Amazon launches a showroom for imported goods in Beijing
Amazon.com Inc. last week opened a showroom in Sanlitun Square, a popular shopping destination in Beijing, featuring imported goods from the e-retailer’s U.S. and U.K. e-commerce sites.
The store looks like a giant Amazon shipping box and covers an area close to the size of a basketball court. Consumers can browse a selection of products in such categories as children’s products, kitchenware, apparel and electronics. Shoppers can try the products, listen to explanations and buy them from Amazon’s China e-commerce site, Amazon.cn, by scanning a product’s bar code on their mobile devices.
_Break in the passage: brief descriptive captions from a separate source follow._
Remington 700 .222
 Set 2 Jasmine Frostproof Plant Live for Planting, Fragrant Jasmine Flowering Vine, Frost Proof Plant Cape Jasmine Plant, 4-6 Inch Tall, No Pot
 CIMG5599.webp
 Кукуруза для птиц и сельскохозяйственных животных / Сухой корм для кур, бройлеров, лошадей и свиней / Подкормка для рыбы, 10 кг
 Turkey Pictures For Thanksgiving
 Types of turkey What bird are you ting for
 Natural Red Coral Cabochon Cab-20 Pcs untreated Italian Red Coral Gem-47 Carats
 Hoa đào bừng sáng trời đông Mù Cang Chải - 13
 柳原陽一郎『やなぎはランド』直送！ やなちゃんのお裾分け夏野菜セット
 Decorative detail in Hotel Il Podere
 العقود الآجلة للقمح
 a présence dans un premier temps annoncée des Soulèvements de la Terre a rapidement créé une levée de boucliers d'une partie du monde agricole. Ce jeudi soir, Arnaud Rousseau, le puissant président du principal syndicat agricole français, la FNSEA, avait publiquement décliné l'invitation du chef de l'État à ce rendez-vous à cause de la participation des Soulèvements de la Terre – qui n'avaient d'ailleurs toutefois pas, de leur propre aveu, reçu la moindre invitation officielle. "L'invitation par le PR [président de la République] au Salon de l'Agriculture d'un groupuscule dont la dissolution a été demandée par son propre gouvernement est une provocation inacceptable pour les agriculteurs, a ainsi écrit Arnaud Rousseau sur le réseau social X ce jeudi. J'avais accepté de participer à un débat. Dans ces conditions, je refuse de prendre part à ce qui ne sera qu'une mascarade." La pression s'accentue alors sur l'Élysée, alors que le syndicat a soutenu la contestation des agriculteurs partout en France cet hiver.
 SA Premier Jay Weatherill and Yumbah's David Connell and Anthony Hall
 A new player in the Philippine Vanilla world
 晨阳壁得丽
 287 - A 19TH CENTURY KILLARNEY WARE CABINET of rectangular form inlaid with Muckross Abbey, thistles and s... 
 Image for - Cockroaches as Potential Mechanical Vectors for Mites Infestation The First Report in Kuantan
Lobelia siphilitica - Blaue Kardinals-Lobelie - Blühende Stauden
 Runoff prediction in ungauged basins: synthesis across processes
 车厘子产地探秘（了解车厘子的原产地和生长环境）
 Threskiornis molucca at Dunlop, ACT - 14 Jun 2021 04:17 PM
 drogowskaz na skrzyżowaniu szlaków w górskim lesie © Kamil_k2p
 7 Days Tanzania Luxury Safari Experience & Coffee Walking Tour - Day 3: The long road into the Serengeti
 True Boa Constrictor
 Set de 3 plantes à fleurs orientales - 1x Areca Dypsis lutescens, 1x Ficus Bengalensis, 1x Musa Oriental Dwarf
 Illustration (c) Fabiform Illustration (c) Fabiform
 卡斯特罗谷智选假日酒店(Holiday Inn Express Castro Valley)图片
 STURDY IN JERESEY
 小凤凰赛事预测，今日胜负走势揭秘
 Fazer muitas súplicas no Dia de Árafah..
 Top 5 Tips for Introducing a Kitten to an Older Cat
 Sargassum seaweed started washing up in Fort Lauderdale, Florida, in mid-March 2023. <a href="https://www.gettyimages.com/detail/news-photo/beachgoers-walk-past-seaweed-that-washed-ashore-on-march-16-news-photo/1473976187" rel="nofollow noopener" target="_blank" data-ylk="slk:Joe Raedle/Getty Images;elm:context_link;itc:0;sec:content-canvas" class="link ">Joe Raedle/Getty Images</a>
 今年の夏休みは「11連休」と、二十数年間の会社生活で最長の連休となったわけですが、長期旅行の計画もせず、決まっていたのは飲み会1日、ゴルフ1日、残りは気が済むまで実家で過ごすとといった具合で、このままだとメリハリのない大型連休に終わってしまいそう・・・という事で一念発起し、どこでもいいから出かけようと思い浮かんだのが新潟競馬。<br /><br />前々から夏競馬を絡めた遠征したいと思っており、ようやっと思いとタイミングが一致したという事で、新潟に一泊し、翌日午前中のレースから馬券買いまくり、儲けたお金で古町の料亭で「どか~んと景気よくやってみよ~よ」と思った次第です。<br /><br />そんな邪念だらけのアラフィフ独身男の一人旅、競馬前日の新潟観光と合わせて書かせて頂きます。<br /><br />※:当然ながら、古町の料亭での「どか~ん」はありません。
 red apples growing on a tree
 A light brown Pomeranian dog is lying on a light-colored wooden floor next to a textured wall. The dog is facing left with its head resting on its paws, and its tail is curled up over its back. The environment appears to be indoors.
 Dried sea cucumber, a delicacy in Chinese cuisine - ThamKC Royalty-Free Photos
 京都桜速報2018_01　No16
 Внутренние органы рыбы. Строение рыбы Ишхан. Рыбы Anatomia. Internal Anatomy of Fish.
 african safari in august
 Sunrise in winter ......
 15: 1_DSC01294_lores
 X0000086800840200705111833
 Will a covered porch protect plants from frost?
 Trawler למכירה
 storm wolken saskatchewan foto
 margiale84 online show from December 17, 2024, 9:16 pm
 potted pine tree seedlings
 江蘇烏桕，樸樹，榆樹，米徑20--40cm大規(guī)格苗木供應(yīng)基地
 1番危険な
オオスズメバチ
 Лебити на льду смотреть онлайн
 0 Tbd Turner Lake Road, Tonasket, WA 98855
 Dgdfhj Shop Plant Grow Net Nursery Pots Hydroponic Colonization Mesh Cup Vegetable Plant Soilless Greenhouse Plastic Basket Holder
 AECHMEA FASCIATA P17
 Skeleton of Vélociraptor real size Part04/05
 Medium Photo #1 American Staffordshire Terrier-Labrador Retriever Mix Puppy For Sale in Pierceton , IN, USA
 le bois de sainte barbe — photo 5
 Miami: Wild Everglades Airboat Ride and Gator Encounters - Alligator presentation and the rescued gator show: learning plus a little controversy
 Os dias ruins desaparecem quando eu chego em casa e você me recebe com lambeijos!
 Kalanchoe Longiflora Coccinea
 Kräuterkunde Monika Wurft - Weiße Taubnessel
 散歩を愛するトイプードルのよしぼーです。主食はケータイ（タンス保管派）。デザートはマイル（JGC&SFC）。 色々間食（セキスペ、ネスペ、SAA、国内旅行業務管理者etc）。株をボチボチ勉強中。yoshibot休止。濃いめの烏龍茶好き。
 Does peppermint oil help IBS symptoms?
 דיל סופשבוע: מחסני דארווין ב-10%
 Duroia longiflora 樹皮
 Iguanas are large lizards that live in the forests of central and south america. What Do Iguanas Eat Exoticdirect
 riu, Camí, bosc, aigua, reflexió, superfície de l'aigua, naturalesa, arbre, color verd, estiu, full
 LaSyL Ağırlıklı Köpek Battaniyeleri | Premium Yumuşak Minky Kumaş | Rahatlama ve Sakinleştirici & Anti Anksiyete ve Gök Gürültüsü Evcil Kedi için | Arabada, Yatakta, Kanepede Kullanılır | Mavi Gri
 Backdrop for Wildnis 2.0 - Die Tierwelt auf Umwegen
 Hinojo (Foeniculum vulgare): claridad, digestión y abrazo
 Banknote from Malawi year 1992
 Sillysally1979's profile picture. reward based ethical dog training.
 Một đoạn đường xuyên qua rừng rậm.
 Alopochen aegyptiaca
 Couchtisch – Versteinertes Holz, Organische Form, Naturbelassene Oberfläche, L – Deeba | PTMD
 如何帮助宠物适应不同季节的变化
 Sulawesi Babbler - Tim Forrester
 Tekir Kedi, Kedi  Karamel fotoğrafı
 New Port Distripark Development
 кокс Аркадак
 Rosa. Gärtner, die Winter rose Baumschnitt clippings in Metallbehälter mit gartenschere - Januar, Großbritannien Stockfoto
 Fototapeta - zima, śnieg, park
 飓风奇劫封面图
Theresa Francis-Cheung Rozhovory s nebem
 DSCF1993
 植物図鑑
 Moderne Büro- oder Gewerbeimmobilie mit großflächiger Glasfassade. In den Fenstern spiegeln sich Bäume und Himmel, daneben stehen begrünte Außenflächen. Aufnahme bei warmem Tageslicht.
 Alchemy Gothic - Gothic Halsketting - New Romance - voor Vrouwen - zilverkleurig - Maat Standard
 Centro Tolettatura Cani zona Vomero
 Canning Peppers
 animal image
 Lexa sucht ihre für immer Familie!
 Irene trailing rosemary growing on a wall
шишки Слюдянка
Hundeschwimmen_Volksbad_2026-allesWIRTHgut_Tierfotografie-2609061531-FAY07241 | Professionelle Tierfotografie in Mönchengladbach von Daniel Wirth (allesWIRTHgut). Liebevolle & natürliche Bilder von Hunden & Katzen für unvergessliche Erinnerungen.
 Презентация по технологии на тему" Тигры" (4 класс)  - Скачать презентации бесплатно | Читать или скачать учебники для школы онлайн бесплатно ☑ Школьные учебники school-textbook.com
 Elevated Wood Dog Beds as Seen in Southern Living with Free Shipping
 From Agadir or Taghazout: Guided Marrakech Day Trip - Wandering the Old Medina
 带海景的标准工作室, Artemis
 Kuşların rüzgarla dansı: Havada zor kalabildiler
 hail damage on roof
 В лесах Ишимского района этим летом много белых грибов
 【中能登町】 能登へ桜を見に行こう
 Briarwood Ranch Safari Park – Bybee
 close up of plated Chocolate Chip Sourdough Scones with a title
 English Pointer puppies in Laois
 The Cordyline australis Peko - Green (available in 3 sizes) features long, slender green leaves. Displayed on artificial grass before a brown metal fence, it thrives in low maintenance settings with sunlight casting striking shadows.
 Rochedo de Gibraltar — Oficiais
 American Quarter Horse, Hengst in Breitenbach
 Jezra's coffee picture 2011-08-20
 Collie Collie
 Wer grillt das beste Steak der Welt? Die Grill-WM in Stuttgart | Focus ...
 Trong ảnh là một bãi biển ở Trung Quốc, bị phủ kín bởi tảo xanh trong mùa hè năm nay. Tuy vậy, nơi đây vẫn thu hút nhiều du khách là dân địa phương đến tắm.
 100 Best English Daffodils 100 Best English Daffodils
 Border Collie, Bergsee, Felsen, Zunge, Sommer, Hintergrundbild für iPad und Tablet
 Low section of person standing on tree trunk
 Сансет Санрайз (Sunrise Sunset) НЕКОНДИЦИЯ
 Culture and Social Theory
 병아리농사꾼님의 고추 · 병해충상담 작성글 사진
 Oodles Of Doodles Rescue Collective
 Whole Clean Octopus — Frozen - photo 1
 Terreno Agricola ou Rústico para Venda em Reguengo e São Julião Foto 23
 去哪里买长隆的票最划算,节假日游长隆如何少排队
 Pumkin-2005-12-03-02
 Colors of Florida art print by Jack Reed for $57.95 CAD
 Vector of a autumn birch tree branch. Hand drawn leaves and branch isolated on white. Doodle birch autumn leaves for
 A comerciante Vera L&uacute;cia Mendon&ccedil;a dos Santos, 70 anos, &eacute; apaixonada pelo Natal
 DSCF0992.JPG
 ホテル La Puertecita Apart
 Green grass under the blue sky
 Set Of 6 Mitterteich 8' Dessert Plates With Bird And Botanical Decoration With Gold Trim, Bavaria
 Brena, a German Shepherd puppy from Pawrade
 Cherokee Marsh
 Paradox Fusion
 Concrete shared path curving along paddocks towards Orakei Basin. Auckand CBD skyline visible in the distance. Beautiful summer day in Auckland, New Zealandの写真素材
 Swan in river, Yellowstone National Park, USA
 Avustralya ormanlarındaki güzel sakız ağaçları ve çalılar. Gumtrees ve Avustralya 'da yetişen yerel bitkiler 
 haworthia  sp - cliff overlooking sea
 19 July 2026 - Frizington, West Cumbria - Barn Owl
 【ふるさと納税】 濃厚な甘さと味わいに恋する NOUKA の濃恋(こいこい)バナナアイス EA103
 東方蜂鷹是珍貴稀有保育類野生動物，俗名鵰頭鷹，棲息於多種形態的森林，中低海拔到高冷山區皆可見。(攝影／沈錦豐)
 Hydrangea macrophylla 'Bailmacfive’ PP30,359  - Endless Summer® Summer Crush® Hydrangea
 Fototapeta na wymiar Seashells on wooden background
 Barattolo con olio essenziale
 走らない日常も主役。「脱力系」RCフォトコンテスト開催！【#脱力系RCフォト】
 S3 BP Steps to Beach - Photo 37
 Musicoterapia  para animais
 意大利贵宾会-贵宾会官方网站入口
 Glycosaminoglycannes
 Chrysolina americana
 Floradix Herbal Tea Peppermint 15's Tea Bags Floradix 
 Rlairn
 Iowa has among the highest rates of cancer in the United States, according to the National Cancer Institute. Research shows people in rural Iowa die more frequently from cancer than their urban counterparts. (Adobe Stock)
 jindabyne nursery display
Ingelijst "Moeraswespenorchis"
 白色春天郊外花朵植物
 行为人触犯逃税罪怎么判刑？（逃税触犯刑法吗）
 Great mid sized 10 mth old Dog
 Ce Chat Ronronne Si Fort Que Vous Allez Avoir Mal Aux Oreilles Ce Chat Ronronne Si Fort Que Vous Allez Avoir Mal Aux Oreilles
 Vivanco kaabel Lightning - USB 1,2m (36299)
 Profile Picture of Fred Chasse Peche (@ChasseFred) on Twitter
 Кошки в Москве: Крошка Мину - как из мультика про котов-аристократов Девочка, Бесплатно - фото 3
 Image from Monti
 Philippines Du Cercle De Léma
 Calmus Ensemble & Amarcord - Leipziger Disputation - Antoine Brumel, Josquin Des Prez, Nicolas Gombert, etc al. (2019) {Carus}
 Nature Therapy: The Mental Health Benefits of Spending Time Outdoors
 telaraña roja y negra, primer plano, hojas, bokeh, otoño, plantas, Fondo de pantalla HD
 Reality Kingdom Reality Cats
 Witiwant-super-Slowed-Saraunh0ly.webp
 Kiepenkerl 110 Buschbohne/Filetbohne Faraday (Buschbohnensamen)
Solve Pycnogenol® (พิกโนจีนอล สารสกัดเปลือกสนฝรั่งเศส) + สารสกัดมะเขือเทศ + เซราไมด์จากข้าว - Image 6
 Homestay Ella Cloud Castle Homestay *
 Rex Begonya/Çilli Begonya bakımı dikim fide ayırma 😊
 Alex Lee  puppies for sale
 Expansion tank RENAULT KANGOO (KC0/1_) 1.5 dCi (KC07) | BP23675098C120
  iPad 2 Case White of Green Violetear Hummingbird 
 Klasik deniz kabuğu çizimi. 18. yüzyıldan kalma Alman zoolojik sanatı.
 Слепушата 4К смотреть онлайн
The goods include some of the 10 million products Amazon sells in China via the imported products section of Amazon.cn called Haiwaigou, which means “buy from overseas” in Chinese. Launched in 2014, Haiwaigou enables shoppers to browse and buy products on Amazon’s U.S. site in Chinese and to access Chinese-language customer service.
The showroom also has an area highlighting Amazon Prime, which Amazon introduced in China last month. Chinese shoppers who enroll in Prime get free shipping on orders exceeding 200 yuan ($29.50) on millions of eligible overseas goods as well as on domestic goods, Amazon says. The annual membership fee is 388 yuan, just over $56, which is lower than the U.S. annual fee of $99.
Amazon this month also announced it has added products from its U.K. site to the Haiwaigou section of Amazon.cn, which is No. 4 in the Internet Retailer 2016 China 500, which ranks the leading online retailers in China. Amazon is No. 1 in the Internet Retailer 2016 Top 500 Guide, a ranking of e-retailers in North America.
Amazon offered deals on Black Friday on more than 100 international fashion brands, including UGG, Stuart Weitzman, Ivanka Trump, Dr. Martens, Rimowa, Bottega Veneta, Furla, Estee Lauder, Kose, Sisle, Pandora, Braun and Daniel Wellington.
On Black Friday last year Amazon reported that sales of overseas goods in China increased fivefold from the prior year. Amazon also says that in 2015 it attracted four times more new online visitors in China during the week of the Thanksgiving holiday in the United States compared with 2014.